It’s been said that the early bird gets the worm – the reward for being motivated enough to act on something – and in the trade show business the early bird saves money and avoids getting charged astronomical rush fees.
Almost any business that offers a good or service will charge extra fees to compensate for a shorter turnaround time than normal on those products and/or services, which is referred to as a rush fee.
If you need something in short order, be prepared to pay for the extra labor and time involved to expedite it to the proper destination.
Having to pay rush fees are usually a result of inadequate planning or procrastination. In other words, there are very few good excuses to justify getting charged a rush fee because you didn’t order in time.
Plan now, or pay (more) later.
Waste Not, Want Not
Rush fees are a surefire way to wreck your budget, especially if it’s done routinely. If you have fallen into this trap, don’t despair. When you know better, you do better. If you are new to this and you are now terrified of making this mistake, it’s easy to avoid.
Here are some things to consider when placing orders and contracting out work…

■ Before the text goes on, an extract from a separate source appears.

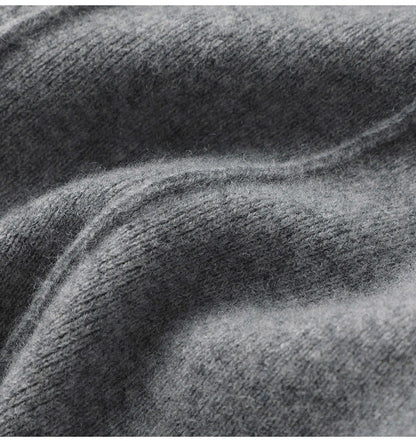 High Waist Wide Leg Woolen Pants Women's Loose Casual Black Long Trousers Autumn Fashion Elegant Commuting Style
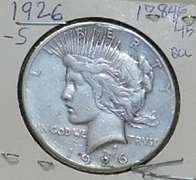 1926-S Peace Dollar circ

Ordering early and not having to worry about extra fees (and securing the supplies and work on time) should be incentive enough. But what you may not know is that if you pay in full ahead of schedule you might get a discount. Prices can change if payment deadlines aren’t met, so make sure to set yourself reminders so that you don’t forget.
There are usually 2 or 3 tiers of discounts if you pay in full and promptly. For example, if you have submitted all of your payments 2-3 weeks before your show, you can reasonably expect a 20-30% discount. If you fail to pay the full amount at by the deadline the costs will increase to standard pricing.
This might sound strange, but how you place your orders does make a difference. Businesses that have implemented online ordering prefer that you take advantage of that feature. It saves them time and the hassle of having to input your order in manually ( for phone and fax orders). Most contractors are happy to give you a 5-10% discount for putting in the extra effort so they don’t have to.
We all want our shows to run as smoothly as possible and achieving that goal takes planning. Lots of planning. Running a smooth operation involves coordination so that the event is properly installed on time. Contractors are responsible for sending out loads of equipment and to do that effectively they need you to place your orders weeks before deadlines hit. This helps them to fulfill orders and get their staff and labor organized. Truck schedules can become a cause for delay if you don’t place your requests in a timely matter. If you procrastinate all of the trucks might already be scheduled to go out and not to your show.
Trade Shows take a lot more forethought than the average event or party due to the amount of custom work that goes into it. From customizing booths to made-to-order signs, ordering in advance is a must. This cannot be stressed enough. If you wait, not only do you get hit with rush fees, but you also run the risk of not getting the work done at all.
Most contractors are serving upwards of 20 shows within the same timeframe as your show. While your work is important to them, it’s not their only job. If something doesn’t go as planned you will likely have to wait for them to finish what they are working on to address your miscommunication. If they have to make extra adjustments expect to pay any overtime fees to make up for the disparity.
Print work is a critical part of what makes any trade show visually identifiable and placing rush orders on displays can get tricky. If your contractors don’t have an office located in your event city, you’ll either have to find a local printer that can handle the job, or get it printed back home and shipped overnight to you. Both options will cost you extra, plus the additional labor and installation fees.
You have two options when you order signs. You can order by advanced shipment warehouse or you can have it shipped directly to your show. If you order by advanced warehouse the delivery times are more flexible and the sign can be hung in your booth before you get there. When you have signs shipped directly to the show there is no guarantee that someone will be able to hang your sign. If that’s the case, it will have to be done in overtime. An advance warehouse is the best shipping option to control both delivery and costs.
What type of labor Exhibitors hire can significantly impact costs as well as how time is managed. There are two types, Contractor supervised and Exhibitor supervised labor. With Exhibitor supervised labor, the exhibitor directs the work that is done to set up the show booth. Contractor supervised will use the floor plan provided to set up the booth, without assistance, but at a 30% surcharge.
Exhibitor supervised sounds like a good money-saving option unless the exhibitor shows up an hour or two later than scheduled and the labor team has already moved on to do other work. Not only is the booth not set up, the team might not be able to come back that day to finish. Not only will the exhibitor have to pay for the hour that was lost, but will need to pay extra to have them return later.
More Than a Wish
Author and poet Antoine de Saint-Exupery saw liberation in planning, observing that “a goal without a plan is just a wish.” Planning avoids chaos and budget-killing rush fees. As they say, planning makes perfect.